> [TRY IT]: Without any pictures, print the lines below from the one that has "So now let's" through the one that has "The other thing", exactly and nothing else.

> [EXTRACTED INFORMATION]:
*** Block opens ***

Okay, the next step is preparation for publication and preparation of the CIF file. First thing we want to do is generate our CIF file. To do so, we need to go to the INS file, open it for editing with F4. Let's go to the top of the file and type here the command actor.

*** Block closes ***
*** Block opens ***

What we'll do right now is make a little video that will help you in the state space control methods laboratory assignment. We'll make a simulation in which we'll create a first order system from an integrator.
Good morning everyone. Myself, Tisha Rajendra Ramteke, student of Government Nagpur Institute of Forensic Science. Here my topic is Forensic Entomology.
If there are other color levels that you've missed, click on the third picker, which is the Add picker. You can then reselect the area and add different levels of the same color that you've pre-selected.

*** Block closes ***
*** Block opens ***

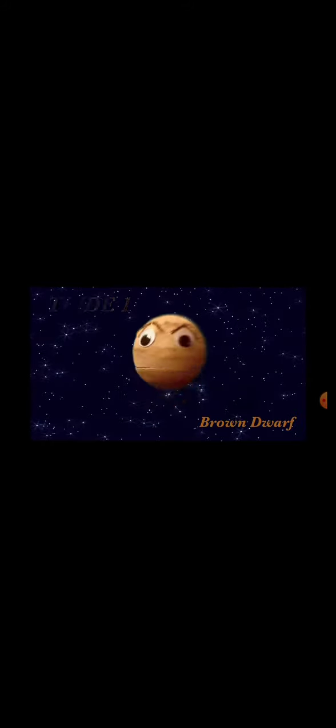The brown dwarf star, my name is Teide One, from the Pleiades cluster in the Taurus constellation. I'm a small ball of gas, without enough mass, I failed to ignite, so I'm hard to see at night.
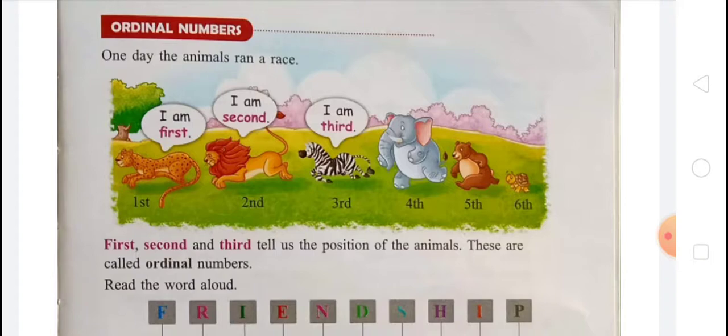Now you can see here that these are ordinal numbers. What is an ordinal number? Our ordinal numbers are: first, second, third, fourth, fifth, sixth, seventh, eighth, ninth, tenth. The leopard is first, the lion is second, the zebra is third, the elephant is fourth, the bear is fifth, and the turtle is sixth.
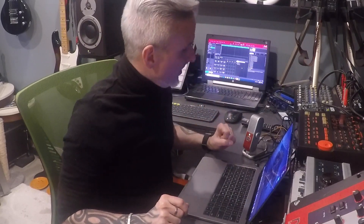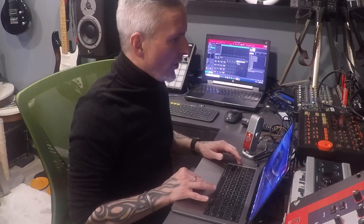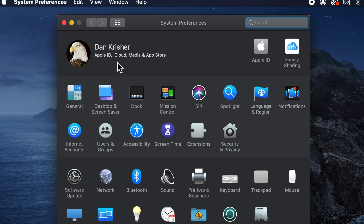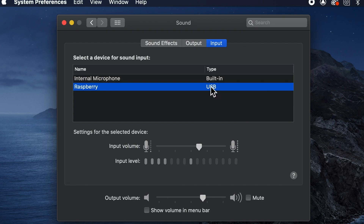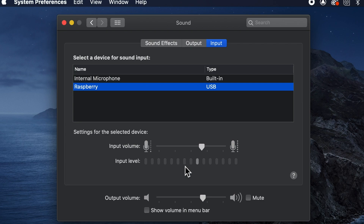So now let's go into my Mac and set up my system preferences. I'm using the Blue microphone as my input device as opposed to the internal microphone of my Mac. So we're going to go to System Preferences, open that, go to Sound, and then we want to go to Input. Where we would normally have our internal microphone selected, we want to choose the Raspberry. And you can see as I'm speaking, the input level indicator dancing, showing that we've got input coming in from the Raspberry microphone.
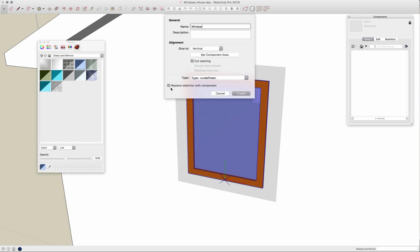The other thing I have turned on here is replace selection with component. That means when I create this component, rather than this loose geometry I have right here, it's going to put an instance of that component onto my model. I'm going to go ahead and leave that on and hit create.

*** Block closes ***

> [RESULT OF THIS EXERCISE]:
So now let's go into my Mac and set up my system preferences. I'm using the Blue microphone as my input device as opposed to the internal microphone of my Mac. So we're going to go to System Preferences, open that, go to Sound, and then we want to go to Input. Where we would normally have our internal microphone selected, we want to choose the Raspberry. And you can see as I'm speaking, the input level indicator dancing, showing that we've got input coming in from the Raspberry microphone.
The other thing I have turned on here is replace selection with component. That means when I create this component, rather than this loose geometry I have right here, it's going to put an instance of that component onto my model. I'm going to go ahead and leave that on and hit create.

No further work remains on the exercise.